┌────────
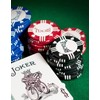Bicycle 8G 50Count Clay Poker Chips 8G Clay Poker Chips,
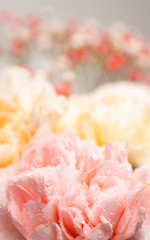 Still life of flowers on white background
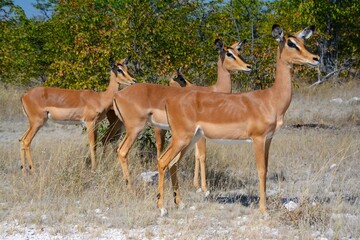 The black-faced impala (Aepyceros melampus petersi) in Etosha National Park (Kunene region, northwestern Namibia)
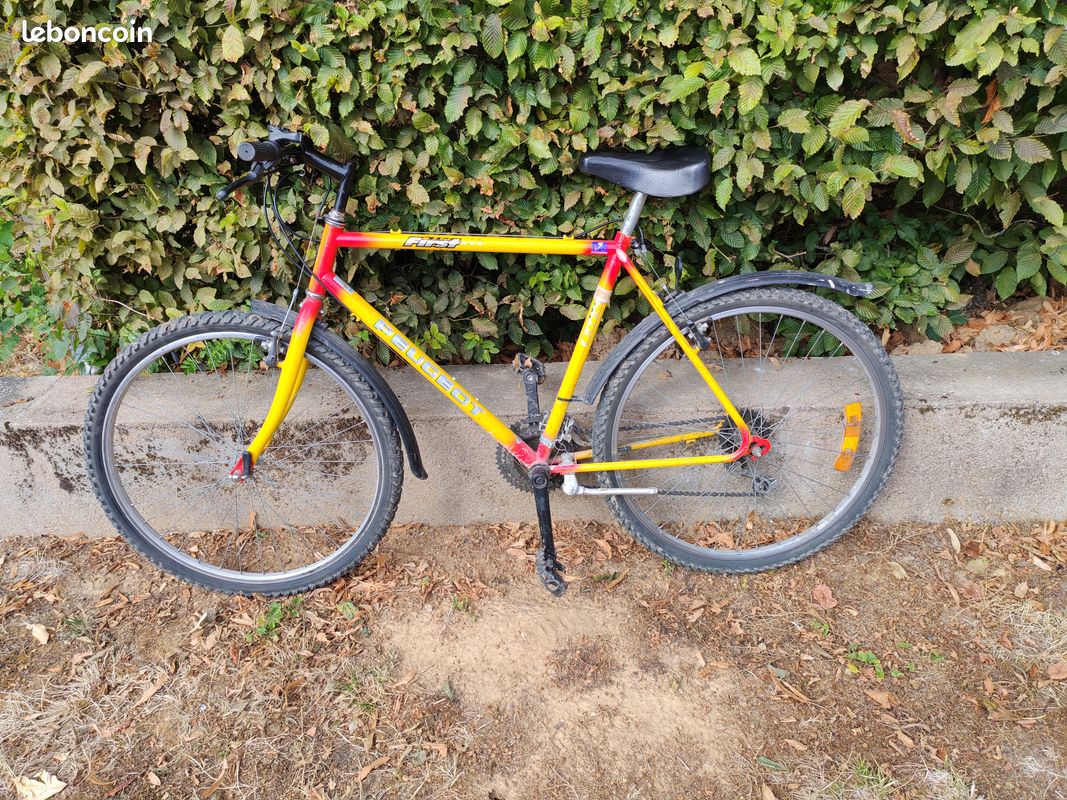 Vélo Homme (image 1)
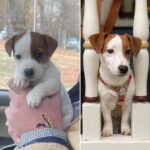 Jack Russell Terrier puppy for sale from a South Carolina breeder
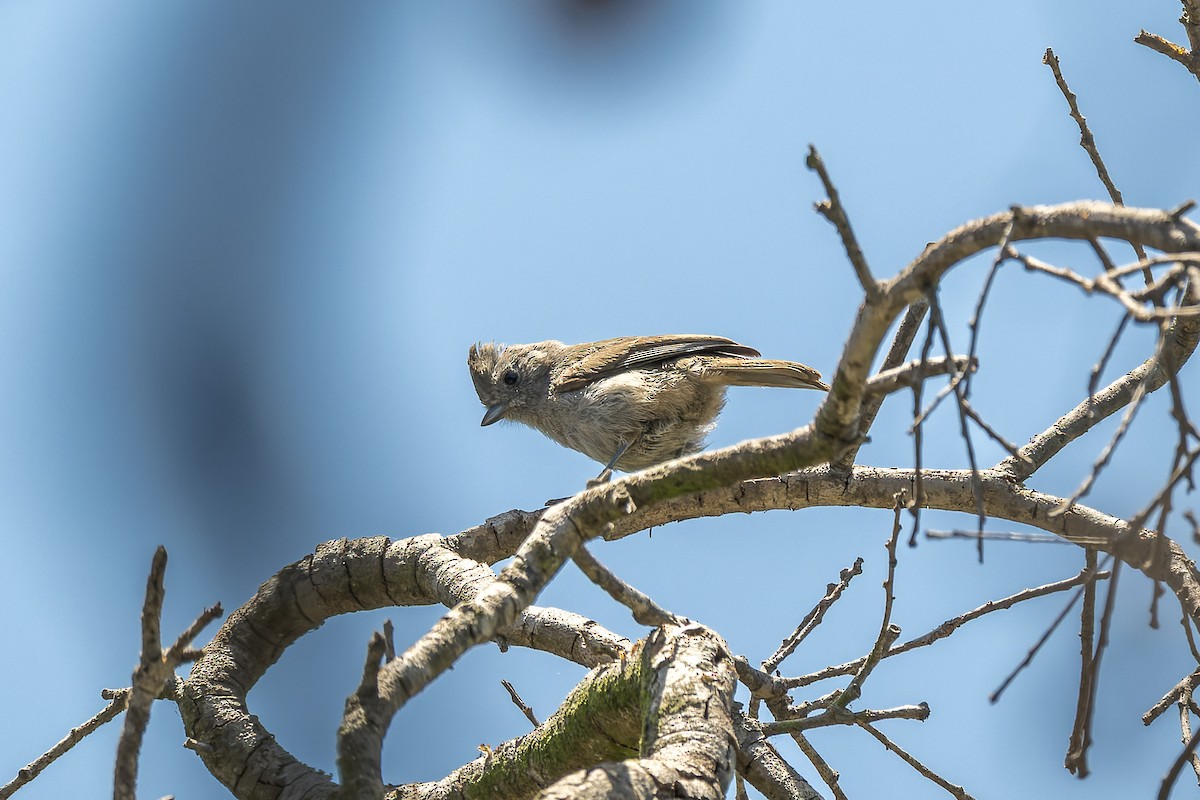 Oak Titmouse - ML620798563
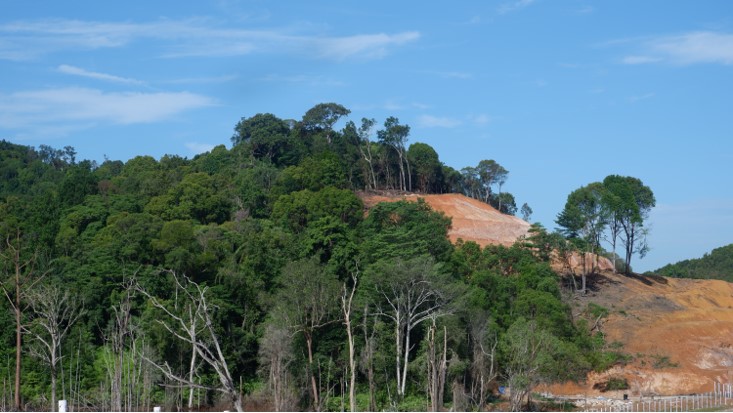 Hutan Kawasan Perdagangan bebas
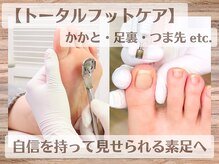 ルーム ノヘア(Room nohea)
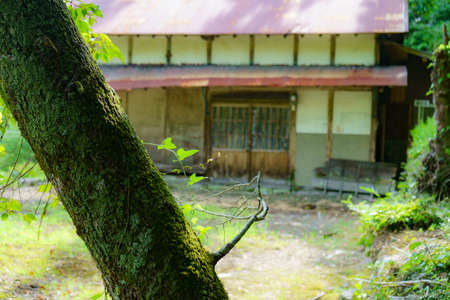 Old abandoned house in the forest.の写真素材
└────────
Exercise objective -
Needed here is only the span from the line with "Jack Russell Terrier" through the last line of the entries, copied exactly with both ends and without pictures.

Solution for this task -
 Jack Russell Terrier puppy for sale from a South Carolina breeder
 Oak Titmouse - ML620798563
 Hutan Kawasan Perdagangan bebas
 ルーム ノヘア(Room nohea)
 Old abandoned house in the forest.の写真素材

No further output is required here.